With such a heavy emphasis of ink-on-paper, the museum had been late to embrace advances in technology. “We had been slow to modernize over our first 40 years,” explains Executive Director Brian Hodge, describing how the museum’s manual data entry had become a slow, gargantuan task. “We were generating lots of accounting details but the Board was getting lost in the details and couldn’t see the big picture. We needed to know where we stood financially, up-to-the-minute and not where we were three months ago. We were woefully behind the times.”

Your Part-Time Controller began working with The Printing Museum at a critical time when the organization was seeking ways to double its foot traffic and sales, move into a purpose-built facility and handle the increased volume of accounting information that would be needed to make the sound decisions that such a move would entail. “We would have been overwhelmed. It was very challenging. YPTC came along at a necessary time to help us understand our needs,” he adds.

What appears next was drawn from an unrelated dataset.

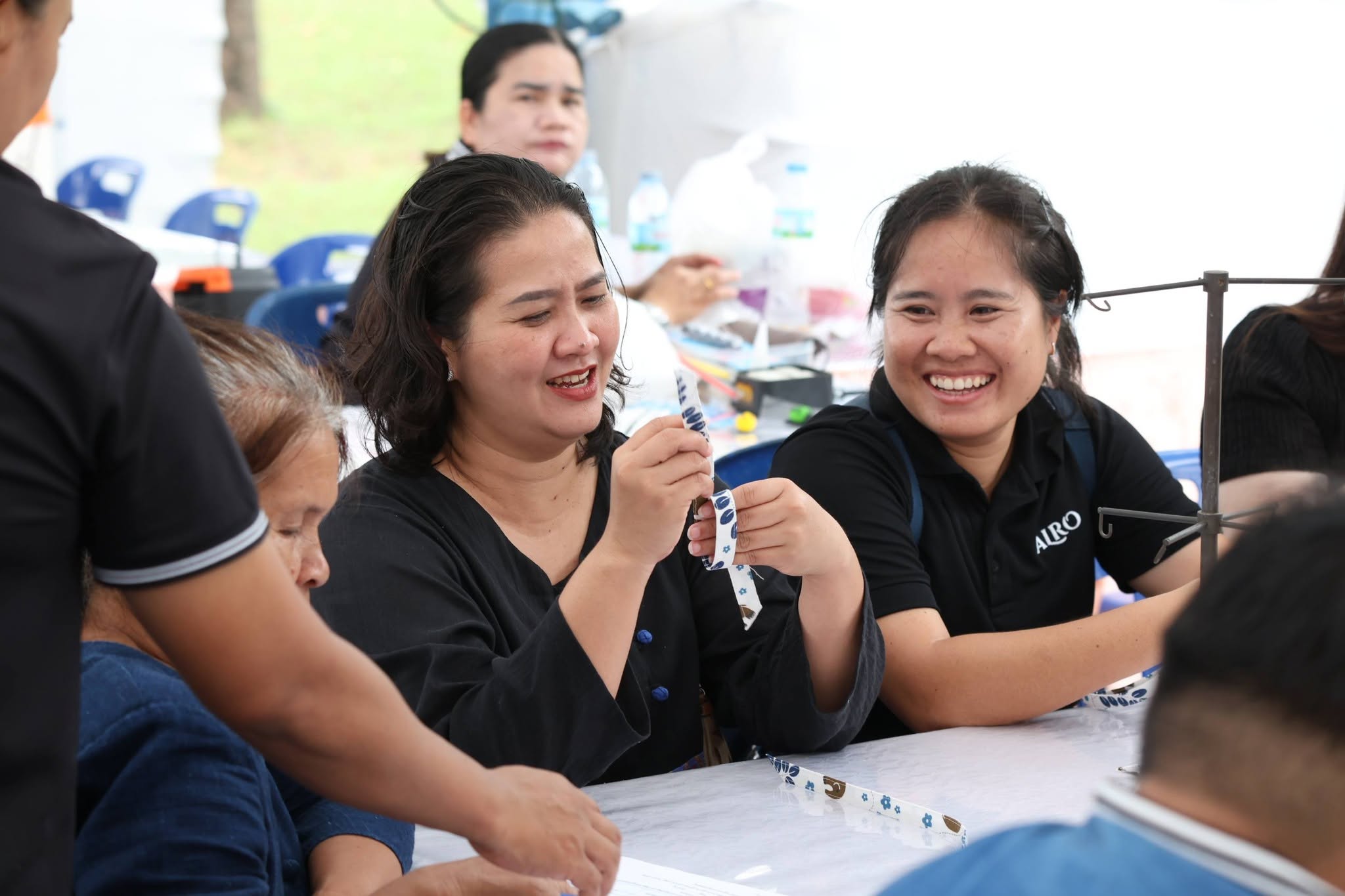 title - สพท. ผนึกกำลัง ศพส. รันกิจกรรมและตลาดเกษตรศิลป์ วันแรกในงาน “สืบสานพระราชปณิธาน สร้างงานเกษตรกรรม เลิศล้ำงานหัตถศิลป์ ท่องเที่ยวถิ่นวิถีไทย”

YPTC personnel began to automate the museum’s accounting procedures, use digital resources as much as possible, and streamline the presentations to the Board of Directors. “YPTC has been updating and modernizing our processes to generate more quickly the information that our Board and our funders want to know,” he says.

“It’s been great to have someone different who’s more acquainted with the latest, best practices,” Hodge says.